Por Marlon Zambrano
Lo que no imaginábamos era que de verdad nos iba a alcanzar el apocalipsis. Al menos así, posicionado en el imaginario como una fuerza devastadora capaz de acabarlo todo en tono peliculero, mientras la vida pasa sin contratiempos allá afuera, en la ciudad detenida por obra y gracia de los gobiernos que apelan por razones astutas al miedo.
Nos encontramos, casi, en la escena en que hace eclosión el contagio masivo e inmediato de «World War Z», sin un Brad Pitt irrebatible que insista en la búsqueda de una cura milagrosa en el último laboratorio del último rincón inmaculado del planeta.
En el continente llevamos tiempo observando zombies atravesar las avenidas y hurgar en la basura. En algunas ciudades, incluso, nos tropiezan en el subterráneo mientras se apuran a apartar un puesto que les asegure comodidad hasta llegar a destino.
Se podría decir, incluso, que todo está bien. Si no fuera por los anuncios tremendistas de nuestros encargados de salud, y las medidas extremas de algunas instancias que prohíben los encuentros colectivos y los abrazos -que a veces se convierten en golpes de Estado y otras en amores contrariados- diríamos que no pasa nada con nuestros “muertos vivientes” de pacotilla, paseando por las inmensas alamedas del tedio.

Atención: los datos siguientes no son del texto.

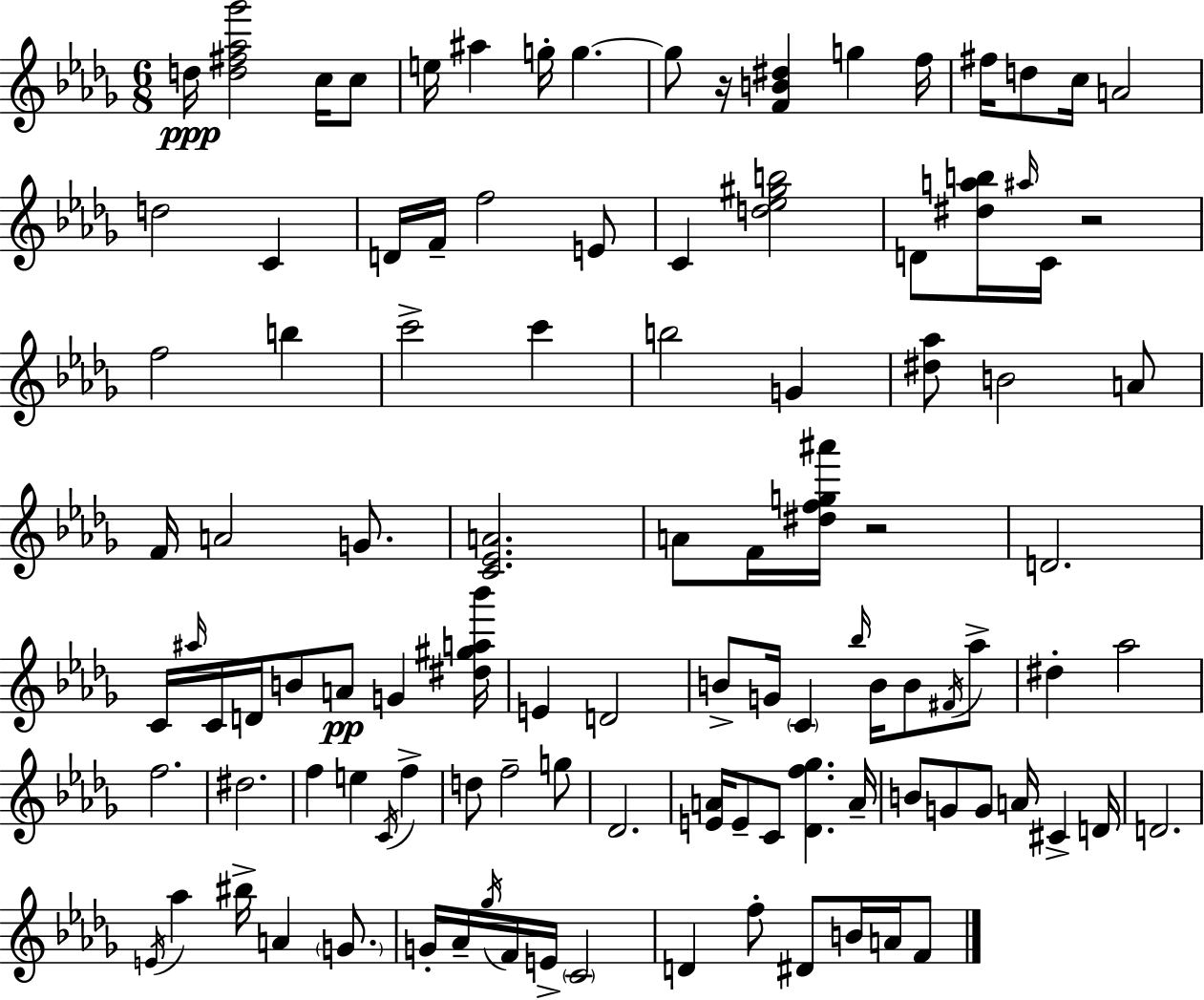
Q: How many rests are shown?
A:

Pero, como en el más variopinto ciclo de eso que alguna vez llamaron cine de ciencia-ficción, llega a nosotros la muy temida crisis global que tanto nos prometieron y que no solo tiene como traza visible el coronavirus, sino que se alimenta de los más variados sobresaltos postmodernos: el cambio climático, el quiebre de los mercados financieros, el desplome del precio del petróleo, oleadas migratorias sin control, la sobrepoblación mundial, la exacerbación de los fanatismos religiosos, la crisis de la identidad política binaria de izquierda-derecha, el colapso del capitalismo y la sexogenerodiversidad.
No hay cine que aguante tanto artificio: el espectáculo del horror viene servido con variaciones tan románticas como la excomunión del beso; estigmatizantes como la cuarentena del apestado; disonantes como la prohibición del regreso.

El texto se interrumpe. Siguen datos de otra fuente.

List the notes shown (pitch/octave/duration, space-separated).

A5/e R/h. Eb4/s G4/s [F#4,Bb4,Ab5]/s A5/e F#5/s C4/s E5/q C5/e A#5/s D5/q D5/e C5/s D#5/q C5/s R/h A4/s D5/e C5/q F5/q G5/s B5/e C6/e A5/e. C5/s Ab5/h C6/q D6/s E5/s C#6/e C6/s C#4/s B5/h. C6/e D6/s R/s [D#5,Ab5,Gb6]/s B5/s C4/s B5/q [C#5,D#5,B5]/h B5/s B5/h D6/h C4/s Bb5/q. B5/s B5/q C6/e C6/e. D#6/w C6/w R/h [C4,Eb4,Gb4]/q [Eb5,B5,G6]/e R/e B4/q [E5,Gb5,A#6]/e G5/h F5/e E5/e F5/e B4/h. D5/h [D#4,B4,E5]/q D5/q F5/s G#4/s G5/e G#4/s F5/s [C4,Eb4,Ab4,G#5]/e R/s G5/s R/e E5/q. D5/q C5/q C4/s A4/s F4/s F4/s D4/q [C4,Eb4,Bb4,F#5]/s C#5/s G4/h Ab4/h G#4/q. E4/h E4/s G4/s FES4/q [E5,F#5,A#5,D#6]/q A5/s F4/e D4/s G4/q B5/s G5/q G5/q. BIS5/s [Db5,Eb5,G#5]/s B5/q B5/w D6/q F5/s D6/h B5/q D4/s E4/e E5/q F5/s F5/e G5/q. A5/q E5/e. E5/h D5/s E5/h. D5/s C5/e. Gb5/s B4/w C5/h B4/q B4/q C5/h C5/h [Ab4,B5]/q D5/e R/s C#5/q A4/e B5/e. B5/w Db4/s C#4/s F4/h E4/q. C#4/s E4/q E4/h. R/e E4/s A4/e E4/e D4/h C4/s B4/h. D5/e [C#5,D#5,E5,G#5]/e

“He visto el horror… horrores que tú no has visto. Pero no tienes el derecho a llamarme asesino. Tienes derecho a matarme. Tienes derecho a hacerlo… pero no tienes derecho a juzgarme. Es imposible describir el horror en palabras a aquellos que no saben lo que verdaderamente significa. Horror, horror. El horror tiene una cara… y tú debes hacer del horror tu amigo”, recitaba un afectado coronel Kurtz en ese acto final de «Apocalypse now» cuando se prepara a ser decapitado como un lechón desorientado en la espesa selva camboyana.
Cómo saber si nos estamos haciendo las preguntas correctas: ¿Se acabó todo? ¿Se está empezando a acabar? ¿No se está acabando nada? Quién sabe.
Al fondo, el ulular de mi ciudad espanta. Es un rugido ahogado que nada tiene que ver con el contagio y sí con la marcha acelerada del smog y el consumo. El petróleo se cotiza en USD30, China anuncia sus sospechas de EEUU ante la acritud del Covid-19. Se agotan el gel desinfectante y los barbijos.
Nosotros, como siempre, nos lavamos las manos.